* Work required: Can you retype every record below exactly as written?

* Input records:
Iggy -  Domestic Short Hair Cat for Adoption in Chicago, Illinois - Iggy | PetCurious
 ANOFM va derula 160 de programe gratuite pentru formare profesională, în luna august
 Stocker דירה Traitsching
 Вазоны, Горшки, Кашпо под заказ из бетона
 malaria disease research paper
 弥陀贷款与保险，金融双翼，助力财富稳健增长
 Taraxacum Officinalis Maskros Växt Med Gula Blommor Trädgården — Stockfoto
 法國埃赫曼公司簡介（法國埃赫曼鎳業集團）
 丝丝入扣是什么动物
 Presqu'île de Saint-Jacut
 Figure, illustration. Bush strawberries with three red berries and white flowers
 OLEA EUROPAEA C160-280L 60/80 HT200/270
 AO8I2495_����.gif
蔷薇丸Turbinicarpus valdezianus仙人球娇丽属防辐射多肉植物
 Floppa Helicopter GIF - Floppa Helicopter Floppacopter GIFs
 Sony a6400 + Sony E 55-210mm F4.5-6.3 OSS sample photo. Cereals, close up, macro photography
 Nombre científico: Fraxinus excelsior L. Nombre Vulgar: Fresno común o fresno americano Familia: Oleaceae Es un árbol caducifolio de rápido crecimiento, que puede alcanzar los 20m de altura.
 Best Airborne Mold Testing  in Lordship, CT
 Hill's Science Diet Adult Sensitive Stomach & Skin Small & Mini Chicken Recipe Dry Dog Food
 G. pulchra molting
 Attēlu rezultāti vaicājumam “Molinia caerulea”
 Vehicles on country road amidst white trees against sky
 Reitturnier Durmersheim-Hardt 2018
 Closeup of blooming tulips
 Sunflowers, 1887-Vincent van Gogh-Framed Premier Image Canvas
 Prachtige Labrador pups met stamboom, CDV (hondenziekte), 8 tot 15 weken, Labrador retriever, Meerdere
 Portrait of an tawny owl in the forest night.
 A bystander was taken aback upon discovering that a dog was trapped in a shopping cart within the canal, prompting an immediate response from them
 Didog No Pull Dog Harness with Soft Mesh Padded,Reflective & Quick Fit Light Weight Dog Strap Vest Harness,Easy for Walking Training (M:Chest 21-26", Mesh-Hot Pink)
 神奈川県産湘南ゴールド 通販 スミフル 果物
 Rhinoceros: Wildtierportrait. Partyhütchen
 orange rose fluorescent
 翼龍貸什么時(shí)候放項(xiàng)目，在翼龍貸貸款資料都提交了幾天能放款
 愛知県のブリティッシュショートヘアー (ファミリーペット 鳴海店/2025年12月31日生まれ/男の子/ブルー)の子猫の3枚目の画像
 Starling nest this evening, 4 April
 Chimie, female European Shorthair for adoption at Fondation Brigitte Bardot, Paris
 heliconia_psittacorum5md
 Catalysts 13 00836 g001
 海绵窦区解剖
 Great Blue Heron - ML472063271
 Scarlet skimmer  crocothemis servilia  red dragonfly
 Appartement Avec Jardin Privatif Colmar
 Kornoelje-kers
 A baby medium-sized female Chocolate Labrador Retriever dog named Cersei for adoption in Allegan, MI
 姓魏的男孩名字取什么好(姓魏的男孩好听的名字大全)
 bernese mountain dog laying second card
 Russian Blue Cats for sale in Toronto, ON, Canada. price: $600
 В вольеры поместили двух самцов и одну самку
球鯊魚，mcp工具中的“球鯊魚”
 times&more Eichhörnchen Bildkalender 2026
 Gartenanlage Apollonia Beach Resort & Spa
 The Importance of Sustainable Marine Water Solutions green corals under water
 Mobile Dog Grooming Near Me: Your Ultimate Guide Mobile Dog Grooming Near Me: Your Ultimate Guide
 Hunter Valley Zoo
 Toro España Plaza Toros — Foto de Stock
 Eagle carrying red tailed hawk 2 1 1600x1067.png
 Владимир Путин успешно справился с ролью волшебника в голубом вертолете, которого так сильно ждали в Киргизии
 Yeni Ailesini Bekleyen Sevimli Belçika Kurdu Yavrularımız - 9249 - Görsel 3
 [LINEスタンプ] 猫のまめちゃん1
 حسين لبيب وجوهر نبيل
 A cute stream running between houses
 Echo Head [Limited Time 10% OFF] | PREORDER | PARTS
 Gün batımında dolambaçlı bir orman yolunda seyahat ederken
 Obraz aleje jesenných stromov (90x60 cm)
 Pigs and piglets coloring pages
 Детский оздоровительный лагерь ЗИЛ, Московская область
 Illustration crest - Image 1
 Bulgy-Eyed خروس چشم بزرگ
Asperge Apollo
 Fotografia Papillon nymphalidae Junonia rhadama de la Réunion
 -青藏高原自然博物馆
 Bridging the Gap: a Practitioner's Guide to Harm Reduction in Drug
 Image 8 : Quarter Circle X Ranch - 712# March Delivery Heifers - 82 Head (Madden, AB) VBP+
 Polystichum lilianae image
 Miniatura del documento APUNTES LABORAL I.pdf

* Response to the exercise:
Iggy -  Domestic Short Hair Cat for Adoption in Chicago, Illinois - Iggy | PetCurious
 ANOFM va derula 160 de programe gratuite pentru formare profesională, în luna august
 Stocker דירה Traitsching
 Вазоны, Горшки, Кашпо под заказ из бетона
 malaria disease research paper
 弥陀贷款与保险，金融双翼，助力财富稳健增长
 Taraxacum Officinalis Maskros Växt Med Gula Blommor Trädgården — Stockfoto
 法國埃赫曼公司簡介（法國埃赫曼鎳業集團）
 丝丝入扣是什么动物
 Presqu'île de Saint-Jacut
 Figure, illustration. Bush strawberries with three red berries and white flowers
 OLEA EUROPAEA C160-280L 60/80 HT200/270
 AO8I2495_����.gif
蔷薇丸Turbinicarpus valdezianus仙人球娇丽属防辐射多肉植物
 Floppa Helicopter GIF - Floppa Helicopter Floppacopter GIFs
 Sony a6400 + Sony E 55-210mm F4.5-6.3 OSS sample photo. Cereals, close up, macro photography
 Nombre científico: Fraxinus excelsior L. Nombre Vulgar: Fresno común o fresno americano Familia: Oleaceae Es un árbol caducifolio de rápido crecimiento, que puede alcanzar los 20m de altura.
 Best Airborne Mold Testing  in Lordship, CT
 Hill's Science Diet Adult Sensitive Stomach & Skin Small & Mini Chicken Recipe Dry Dog Food
 G. pulchra molting
 Attēlu rezultāti vaicājumam “Molinia caerulea”
 Vehicles on country road amidst white trees against sky
 Reitturnier Durmersheim-Hardt 2018
 Closeup of blooming tulips
 Sunflowers, 1887-Vincent van Gogh-Framed Premier Image Canvas
 Prachtige Labrador pups met stamboom, CDV (hondenziekte), 8 tot 15 weken, Labrador retriever, Meerdere
 Portrait of an tawny owl in the forest night.
 A bystander was taken aback upon discovering that a dog was trapped in a shopping cart within the canal, prompting an immediate response from them
 Didog No Pull Dog Harness with Soft Mesh Padded,Reflective & Quick Fit Light Weight Dog Strap Vest Harness,Easy for Walking Training (M:Chest 21-26", Mesh-Hot Pink)
 神奈川県産湘南ゴールド 通販 スミフル 果物
 Rhinoceros: Wildtierportrait. Partyhütchen
 orange rose fluorescent
 翼龍貸什么時(shí)候放項(xiàng)目，在翼龍貸貸款資料都提交了幾天能放款
 愛知県のブリティッシュショートヘアー (ファミリーペット 鳴海店/2025年12月31日生まれ/男の子/ブルー)の子猫の3枚目の画像
 Starling nest this evening, 4 April
 Chimie, female European Shorthair for adoption at Fondation Brigitte Bardot, Paris
 heliconia_psittacorum5md
 Catalysts 13 00836 g001
 海绵窦区解剖
 Great Blue Heron - ML472063271
 Scarlet skimmer  crocothemis servilia  red dragonfly
 Appartement Avec Jardin Privatif Colmar
 Kornoelje-kers
 A baby medium-sized female Chocolate Labrador Retriever dog named Cersei for adoption in Allegan, MI
 姓魏的男孩名字取什么好(姓魏的男孩好听的名字大全)
 bernese mountain dog laying second card
 Russian Blue Cats for sale in Toronto, ON, Canada. price: $600
 В вольеры поместили двух самцов и одну самку
球鯊魚，mcp工具中的“球鯊魚”
 times&more Eichhörnchen Bildkalender 2026
 Gartenanlage Apollonia Beach Resort & Spa
 The Importance of Sustainable Marine Water Solutions green corals under water
 Mobile Dog Grooming Near Me: Your Ultimate Guide Mobile Dog Grooming Near Me: Your Ultimate Guide
 Hunter Valley Zoo
 Toro España Plaza Toros — Foto de Stock
 Eagle carrying red tailed hawk 2 1 1600x1067.png
 Владимир Путин успешно справился с ролью волшебника в голубом вертолете, которого так сильно ждали в Киргизии
 Yeni Ailesini Bekleyen Sevimli Belçika Kurdu Yavrularımız - 9249 - Görsel 3
 [LINEスタンプ] 猫のまめちゃん1
 حسين لبيب وجوهر نبيل
 A cute stream running between houses
 Echo Head [Limited Time 10% OFF] | PREORDER | PARTS
 Gün batımında dolambaçlı bir orman yolunda seyahat ederken
 Obraz aleje jesenných stromov (90x60 cm)
 Pigs and piglets coloring pages
 Детский оздоровительный лагерь ЗИЛ, Московская область
 Illustration crest - Image 1
 Bulgy-Eyed خروس چشم بزرگ
Asperge Apollo
 Fotografia Papillon nymphalidae Junonia rhadama de la Réunion
 -青藏高原自然博物馆
 Bridging the Gap: a Practitioner's Guide to Harm Reduction in Drug
 Image 8 : Quarter Circle X Ranch - 712# March Delivery Heifers - 82 Head (Madden, AB) VBP+
 Polystichum lilianae image
 Miniatura del documento APUNTES LABORAL I.pdf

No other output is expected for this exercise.